Citation: 2005 FC 1307

Ottawa, Ontario, September 23, 2005

PRESENT:      THE HONOURABLE MR. JUSTICESHORE

BETWEEN:

HANG THI YEN

Applicant

and

THE MINISTER OF CITIZENSHIP AND IMMIGRATION

Respondent

REASONS FOR ORDER AND ORDER

INTRODUCTION

[1]                In certain situations of separation between parent and child, acknowledging the prescribed application of the legislation and in recognition of exceptions due to adversities to, and the complexities of, the human condition which lead to unbearable hardships, humanitarian and compassionate consideration is written into the law for the determination of the Minister; it is neither in the jurisdiction of the specialized appeal tribunal nor of this Court, but is in the direct purview of the Minister, alone, as specified in s. 25(1) of the Immigration and Refugee Protection Act[1](IRPA).

JUDICIAL PROCEDURE

[2]                This is an application for judicial review, under subsection 72(1) of the Immigration and Refugee Protection Act, of the decision of the Immigration Appeal Division (IAD) of the Immigration and Refugee Protection Board, which dismissed the Applicant's appeal against the refusal to issue a permanent residence visa to the Applicant's child, pursuant to paragraph 117(9)(d) of the Immigration and Refugee Protection Regulations[2] (Regulations).

BACKGROUND

[3]                The facts are uncontested.
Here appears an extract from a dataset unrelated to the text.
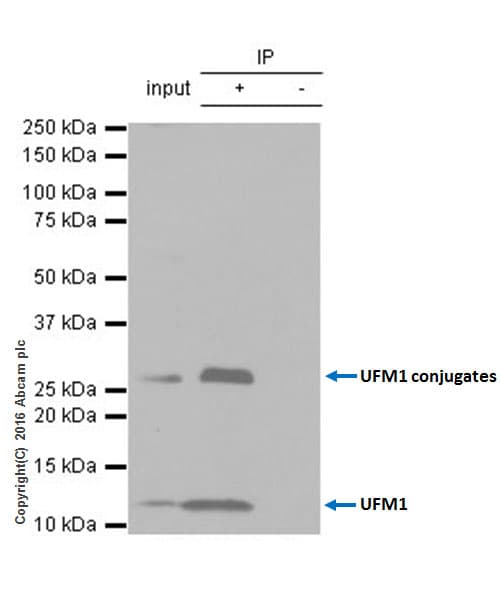 Anti-UFM1 antibody [EPR4264(2)] - BSA and Azide free(AB232570)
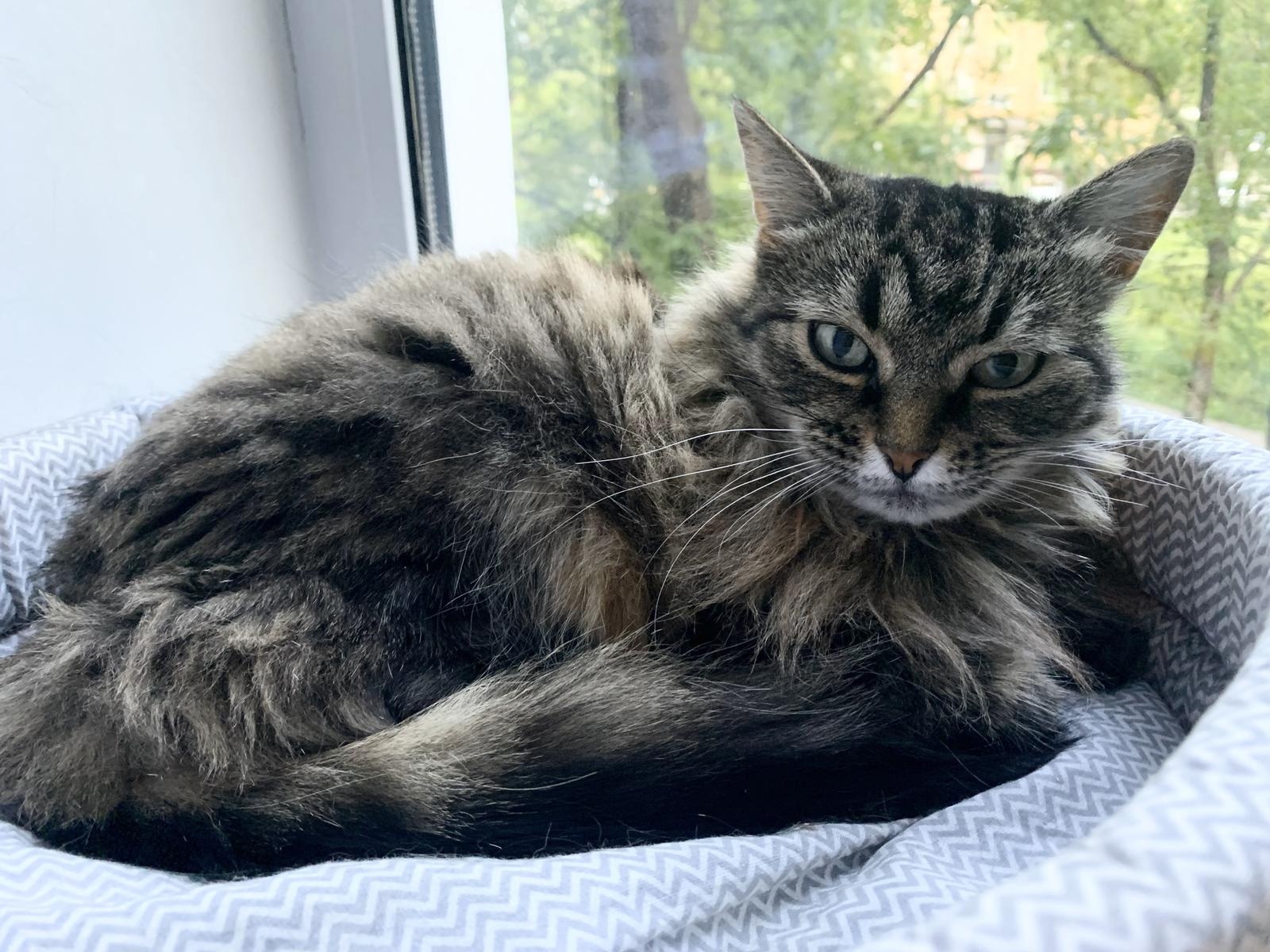 Stray cat Bunny needs surgery to remove a tumor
The Applicant, Ms. Hang Thi Yen, was landed in Canada as a Convention refugee on November 27, 1991. She came to Canada with her husband, Vo Hoang Oanh, and their two children, Vo Yen Fitrianto and Vo Yen Fitriacto.

[4]                On May 28, 2001, Ms. Yen applied to sponsor her three oldest children (including Van Lanh Nguyen, the child in question in the present case), who were fathered by Ms. Yen's former common-law husband. Ms. Yen does not dispute that she failed to declare Van Lan Nguyen and the two other older children as her dependents when her application seeking resettlement in Canada as a refugee was under consideration. She explains that she was worried about how her husband would take the news as she had not told him of the existence of her children born of another man.

[5]                Consequently, Mr. Nguyen and the other dependents were not examined at the time Ms. Yen made her application for permanent residence. Nor did an officer determine whether they were required to be examined. Immigration authorities did not know the existence of Mr. Nguyen.

[6]                Mr. Nguyen submitted an application for permanent residence dated January 22, 2002. The application was received by the immigration authorities in Singaporeon January 29, 2002.

[7]                IRPA and the Regulations came into force on June 28, 2002.

[8]                On April 4, 2003, a Visa Officer refused Mr. Nguyen's application for permanent residence on the basis that Mr. Nguyen was not a member of the family class according to paragraph 117(9)(d) of the Regulations.

[9]                Ms. Yen filed an appeal of this decision on April 24, 2003. The Notice of Appeal was received on April 29, 2003.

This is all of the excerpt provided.